Possible Values: true or false, default false

repeat_title

Determines whether the title of parent paragraphs or sections should be repeated in each chunk.

Use Case

Provides clear context within each chunk, enhancing embedding, retrieval and understanding of document content.

Repeating section titles in technical manuals helps identify the topic and content of each parsed chunk.

--form 'repeat_title=true'

Possible Values: true or false, default false

repeat_table_header

Specifies whether tables' headers should be repeated in every chunk containing a part of the table.

Use Case

Enhances readability and understanding of segmented table data by ensuring consistent presentation.

Repeating table headers in financial reports allows LLMs to better understand table structure across segmented chunks.

--form 'repeat_table_header=true'

Possible Values: true or false, default false

table_output_format

Defines the output format for tables within parsed document chunks.

Use Case

Provides flexibility in how table data is provided downstream, catering to different system requirements or user preferences.

Integrating parsed data into a database might require table data in a specific format like Markdown or HTML for consistent rendering or analysis.

--form 'table_output_format=markdown'

Possible Values: text, html, or markdown, default text

keep_header

Determines whether the content of headers (e.g., page numbers, document titles, section titles) should be retained in the parsed chunks.

Use Case

Allows for customized handling of header content, useful when headers contain critical contextual information that needs to be preserved.

Setting keep_header=false removes distracting header content from parsed chunks, focusing only on the main body text.

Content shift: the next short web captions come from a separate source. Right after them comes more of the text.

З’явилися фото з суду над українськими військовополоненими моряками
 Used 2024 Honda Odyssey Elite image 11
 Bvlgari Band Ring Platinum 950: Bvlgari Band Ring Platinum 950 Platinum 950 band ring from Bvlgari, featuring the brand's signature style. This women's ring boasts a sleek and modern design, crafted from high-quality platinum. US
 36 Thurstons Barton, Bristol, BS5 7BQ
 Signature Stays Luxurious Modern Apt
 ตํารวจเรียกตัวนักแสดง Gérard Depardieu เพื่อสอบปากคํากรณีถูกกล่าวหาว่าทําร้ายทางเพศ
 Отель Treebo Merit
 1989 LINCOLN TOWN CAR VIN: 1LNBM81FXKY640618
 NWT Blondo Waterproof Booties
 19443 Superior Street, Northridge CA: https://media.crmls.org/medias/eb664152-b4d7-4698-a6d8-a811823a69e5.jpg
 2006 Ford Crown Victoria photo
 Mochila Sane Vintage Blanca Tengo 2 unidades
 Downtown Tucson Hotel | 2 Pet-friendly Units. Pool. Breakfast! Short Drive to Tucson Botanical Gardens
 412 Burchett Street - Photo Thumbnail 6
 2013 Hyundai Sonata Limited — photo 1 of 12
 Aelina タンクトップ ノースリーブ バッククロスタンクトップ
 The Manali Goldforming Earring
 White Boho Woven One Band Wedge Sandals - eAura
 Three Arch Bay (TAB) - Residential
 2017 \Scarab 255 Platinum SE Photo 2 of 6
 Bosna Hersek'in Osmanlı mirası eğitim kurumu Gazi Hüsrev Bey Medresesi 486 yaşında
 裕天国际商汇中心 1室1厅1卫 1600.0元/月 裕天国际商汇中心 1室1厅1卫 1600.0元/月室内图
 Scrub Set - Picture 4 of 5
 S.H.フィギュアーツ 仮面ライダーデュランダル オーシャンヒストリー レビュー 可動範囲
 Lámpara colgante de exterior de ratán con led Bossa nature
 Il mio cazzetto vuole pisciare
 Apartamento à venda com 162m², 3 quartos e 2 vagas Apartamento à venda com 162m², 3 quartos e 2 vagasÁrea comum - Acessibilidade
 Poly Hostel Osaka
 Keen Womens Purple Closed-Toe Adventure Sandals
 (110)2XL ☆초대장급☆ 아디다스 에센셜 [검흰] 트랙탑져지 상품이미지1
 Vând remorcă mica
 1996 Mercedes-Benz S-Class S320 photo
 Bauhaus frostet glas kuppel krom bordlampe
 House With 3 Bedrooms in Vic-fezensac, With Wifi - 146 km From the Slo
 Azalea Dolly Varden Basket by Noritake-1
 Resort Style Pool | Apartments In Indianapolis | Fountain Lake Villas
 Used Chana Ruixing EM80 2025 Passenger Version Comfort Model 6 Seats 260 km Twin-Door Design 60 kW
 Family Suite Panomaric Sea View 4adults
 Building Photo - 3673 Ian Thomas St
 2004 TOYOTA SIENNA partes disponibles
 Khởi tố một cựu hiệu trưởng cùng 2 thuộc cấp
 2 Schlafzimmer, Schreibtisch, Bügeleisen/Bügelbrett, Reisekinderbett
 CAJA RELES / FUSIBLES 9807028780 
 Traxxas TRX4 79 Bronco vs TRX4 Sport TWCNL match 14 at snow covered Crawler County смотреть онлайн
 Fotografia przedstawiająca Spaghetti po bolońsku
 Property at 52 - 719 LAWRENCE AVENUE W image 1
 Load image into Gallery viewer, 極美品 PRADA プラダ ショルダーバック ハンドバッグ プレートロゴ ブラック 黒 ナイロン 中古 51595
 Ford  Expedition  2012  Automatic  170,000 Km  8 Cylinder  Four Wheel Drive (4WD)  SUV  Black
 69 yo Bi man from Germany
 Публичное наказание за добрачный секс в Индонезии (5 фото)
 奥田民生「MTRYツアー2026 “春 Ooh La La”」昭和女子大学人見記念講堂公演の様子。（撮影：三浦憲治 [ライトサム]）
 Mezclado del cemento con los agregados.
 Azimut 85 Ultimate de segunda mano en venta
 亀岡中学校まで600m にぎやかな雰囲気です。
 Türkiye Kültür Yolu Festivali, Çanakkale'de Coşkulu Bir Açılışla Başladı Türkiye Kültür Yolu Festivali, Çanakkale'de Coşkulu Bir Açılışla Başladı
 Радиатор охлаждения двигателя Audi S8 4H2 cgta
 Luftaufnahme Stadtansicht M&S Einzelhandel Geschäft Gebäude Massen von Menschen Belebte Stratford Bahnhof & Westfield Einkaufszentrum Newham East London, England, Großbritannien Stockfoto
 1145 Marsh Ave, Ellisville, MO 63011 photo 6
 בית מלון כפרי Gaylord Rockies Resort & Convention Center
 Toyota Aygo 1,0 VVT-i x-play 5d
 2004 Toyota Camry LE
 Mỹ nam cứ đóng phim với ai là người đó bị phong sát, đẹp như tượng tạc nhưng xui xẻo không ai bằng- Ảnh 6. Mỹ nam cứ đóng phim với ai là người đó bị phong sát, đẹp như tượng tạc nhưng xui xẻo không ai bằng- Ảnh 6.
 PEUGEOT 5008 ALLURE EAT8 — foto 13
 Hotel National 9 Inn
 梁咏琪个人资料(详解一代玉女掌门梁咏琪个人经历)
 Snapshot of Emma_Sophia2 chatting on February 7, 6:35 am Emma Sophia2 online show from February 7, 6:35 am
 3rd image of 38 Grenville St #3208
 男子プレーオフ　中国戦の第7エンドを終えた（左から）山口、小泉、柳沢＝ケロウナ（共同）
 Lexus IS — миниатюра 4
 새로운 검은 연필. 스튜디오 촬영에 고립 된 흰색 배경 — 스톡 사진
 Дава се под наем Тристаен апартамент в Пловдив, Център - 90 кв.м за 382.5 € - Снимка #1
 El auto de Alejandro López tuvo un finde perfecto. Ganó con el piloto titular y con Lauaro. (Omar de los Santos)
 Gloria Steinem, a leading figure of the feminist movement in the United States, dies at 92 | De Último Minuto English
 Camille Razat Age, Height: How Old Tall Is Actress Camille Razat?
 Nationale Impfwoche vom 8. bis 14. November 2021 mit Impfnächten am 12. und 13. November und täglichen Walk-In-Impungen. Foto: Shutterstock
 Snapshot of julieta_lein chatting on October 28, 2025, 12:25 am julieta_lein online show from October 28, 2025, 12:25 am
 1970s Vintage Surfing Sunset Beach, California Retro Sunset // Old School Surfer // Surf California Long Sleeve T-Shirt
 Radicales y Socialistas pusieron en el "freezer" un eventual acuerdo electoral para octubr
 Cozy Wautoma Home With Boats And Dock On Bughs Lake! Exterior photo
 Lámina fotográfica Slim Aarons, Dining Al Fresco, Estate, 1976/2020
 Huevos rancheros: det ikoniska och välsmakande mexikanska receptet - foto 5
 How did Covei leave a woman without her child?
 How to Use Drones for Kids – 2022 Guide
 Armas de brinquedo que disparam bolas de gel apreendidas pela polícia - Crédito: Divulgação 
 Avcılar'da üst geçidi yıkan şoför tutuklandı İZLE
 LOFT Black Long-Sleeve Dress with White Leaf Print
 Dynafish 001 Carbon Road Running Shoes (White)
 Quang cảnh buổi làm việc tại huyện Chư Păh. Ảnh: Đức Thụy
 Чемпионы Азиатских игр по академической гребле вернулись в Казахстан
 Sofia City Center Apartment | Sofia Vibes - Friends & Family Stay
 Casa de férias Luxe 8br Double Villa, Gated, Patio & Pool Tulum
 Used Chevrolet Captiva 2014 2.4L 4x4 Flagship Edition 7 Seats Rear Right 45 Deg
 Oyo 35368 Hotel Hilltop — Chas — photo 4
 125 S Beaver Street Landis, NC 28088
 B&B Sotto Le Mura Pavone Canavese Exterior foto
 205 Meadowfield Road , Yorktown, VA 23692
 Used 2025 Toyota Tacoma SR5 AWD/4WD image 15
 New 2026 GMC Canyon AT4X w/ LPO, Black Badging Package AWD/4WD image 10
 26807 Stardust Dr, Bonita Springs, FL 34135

--form 'keep_header=false'

Possible Values: true or false, default true

smart_header

Controls inclusion of only relevant headers in parsed chunks, ignoring non-essential header information if keep_header=true.

Use Case

Enhances parsing precision by focusing on headers that contribute directly to document content, improving overall data relevance.

When smart_header=true, only section or paragraph titles that are part of the body content are retained in parsed chunks, increasing precision and reliability.

--form 'smart_header=true'

Possible Values: true or false, default true

keep_footer

Specifies whether the content of footers (e.g., page numbers, footnotes) should be included in the parsed chunks.

Use Case

Offers flexibility in handling footer content, useful when footnotes are integral to document context or analysis.

Setting keep_footer=true ensures that all document elements, including footnotes, are captured in parsed chunks, maintaining document completeness.

--form 'keep_footer=true'

Possible Values: true or false, default false

image_text

Controls whether text contained within images should be extracted and included in the parsed chunks.

Use Case

Enhances document comprehension by including text from images, useful in documents where images contain critical textual information.

Setting image_text=true ensures that textual content embedded within charts or diagrams is captured in parsed chunks, providing comprehensive document analysis.

--form 'image_text=true'

Possible Values: true or false, default false


Practical Application

Consider parsing a technical document that includes headers, footers, and embedded images. Here’s how you might configure the API call to suit your needs:

curl --location 
--request POST 'https://chunk.ing/?webhook=https://your_webhook.url' \
--header 'Content-Type: multipart/form-data' \
--header 'x-api-key: your_api_key' \
--form 'file=@"/your_file.pdf"' \
--form 'repeat_title=true' \
--form 'table_output_format=html' \
--form 'keep_header=true' \
--form 'smart_header=true' \
--form 'image_text=true'

In this example:

  • Titles are repeated for each chunk (repeat_title=true) to enrich the meaning of each chunk.
  • Only relevant headers are retained (smart_header=true), enhancing accuracy.
  • Text from images is extracted (image_text=true), providing a comprehensive view of the document's content.

By adjusting these parameters based on your specific document characteristics and processing goals, you can optimize the parsing and segmentation of documents effectively with the Preprocess API.